_Instructions to follow_
An exact restatement of the entire listing is needed, excluding all images.

_Records provided_
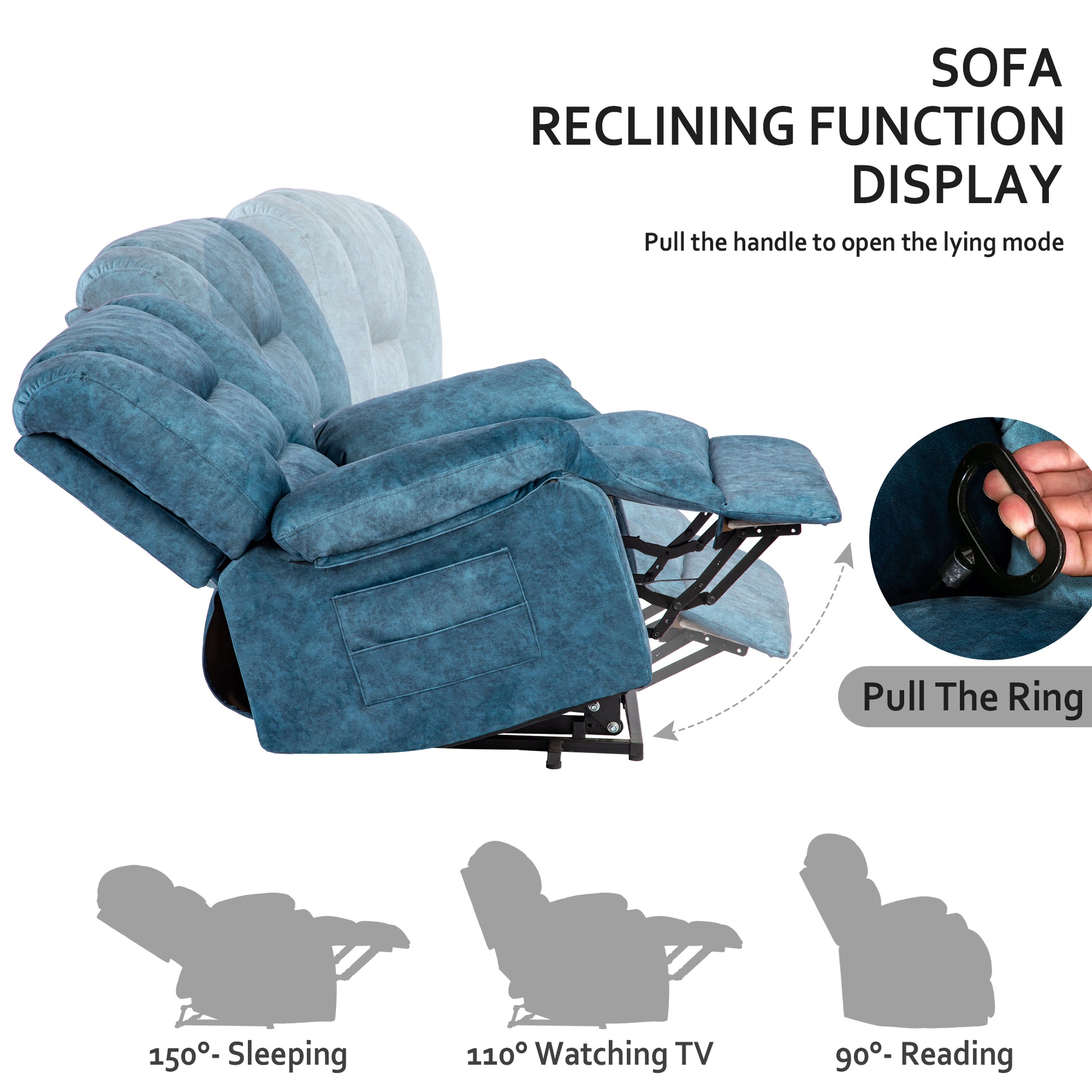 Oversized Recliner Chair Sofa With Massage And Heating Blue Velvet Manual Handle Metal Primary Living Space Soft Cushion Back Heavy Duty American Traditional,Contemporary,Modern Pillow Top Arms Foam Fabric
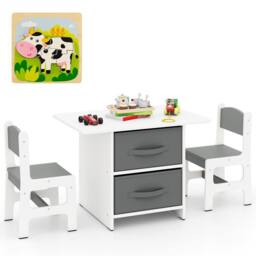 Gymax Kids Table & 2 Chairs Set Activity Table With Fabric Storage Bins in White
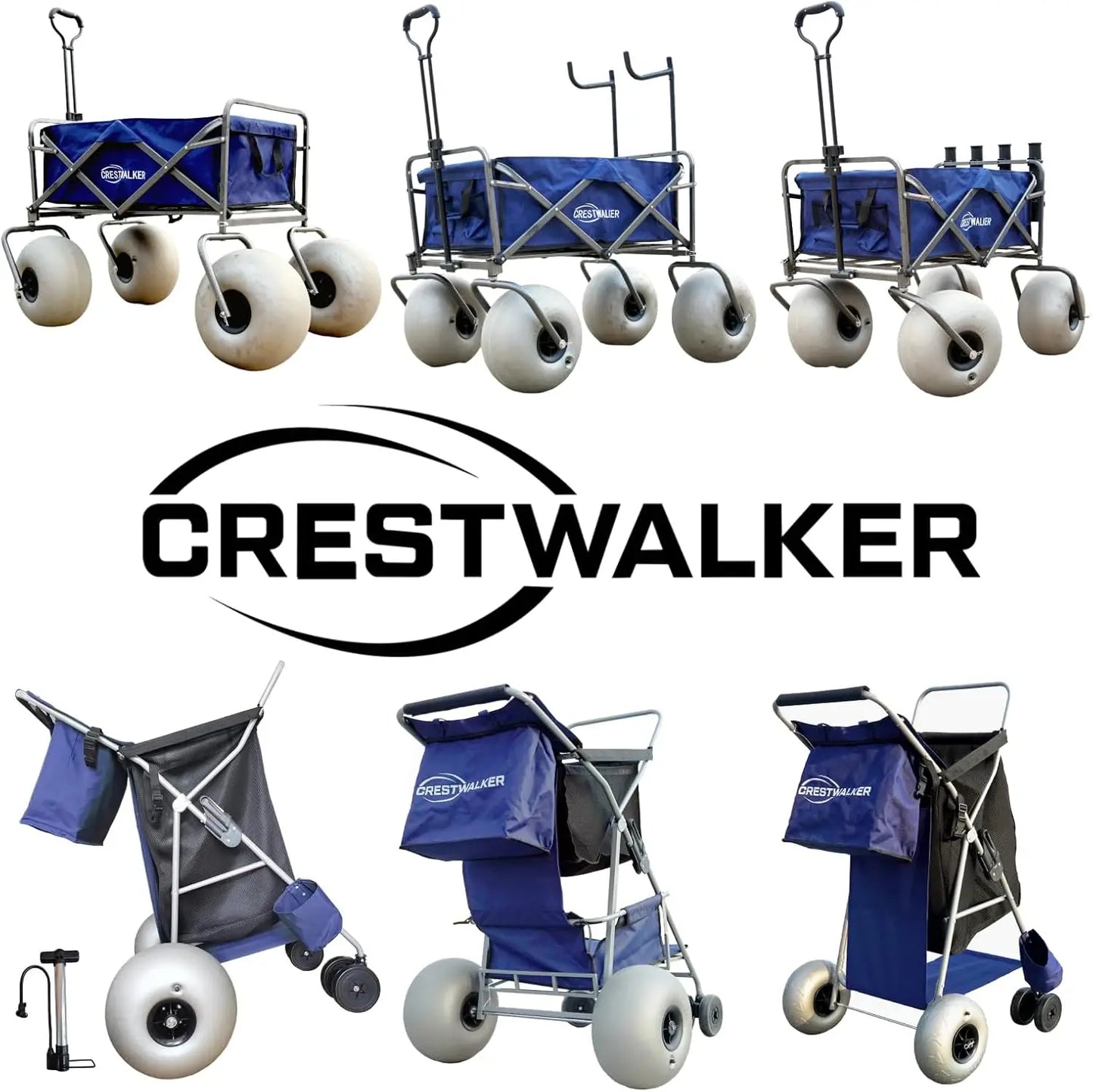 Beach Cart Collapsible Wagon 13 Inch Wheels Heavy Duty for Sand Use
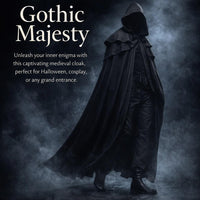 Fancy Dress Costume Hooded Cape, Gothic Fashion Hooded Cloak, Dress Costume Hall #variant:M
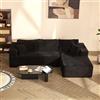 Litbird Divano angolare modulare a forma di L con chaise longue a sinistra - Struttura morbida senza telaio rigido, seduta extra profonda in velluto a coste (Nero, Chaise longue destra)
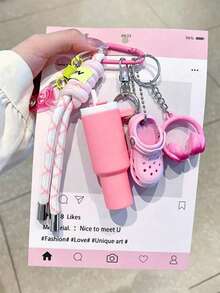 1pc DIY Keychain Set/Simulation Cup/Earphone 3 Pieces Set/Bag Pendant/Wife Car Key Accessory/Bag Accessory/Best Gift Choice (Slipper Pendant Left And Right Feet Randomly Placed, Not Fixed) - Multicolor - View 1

_Solution below_
 Oversized Recliner Chair Sofa With Massage And Heating Blue Velvet Manual Handle Metal Primary Living Space Soft Cushion Back Heavy Duty American Traditional,Contemporary,Modern Pillow Top Arms Foam Fabric
 Gymax Kids Table & 2 Chairs Set Activity Table With Fabric Storage Bins in White
 Beach Cart Collapsible Wagon 13 Inch Wheels Heavy Duty for Sand Use
 Fancy Dress Costume Hooded Cape, Gothic Fashion Hooded Cloak, Dress Costume Hall #variant:M
 Litbird Divano angolare modulare a forma di L con chaise longue a sinistra - Struttura morbida senza telaio rigido, seduta extra profonda in velluto a coste (Nero, Chaise longue destra)
 1pc DIY Keychain Set/Simulation Cup/Earphone 3 Pieces Set/Bag Pendant/Wife Car Key Accessory/Bag Accessory/Best Gift Choice (Slipper Pendant Left And Right Feet Randomly Placed, Not Fixed) - Multicolor - View 1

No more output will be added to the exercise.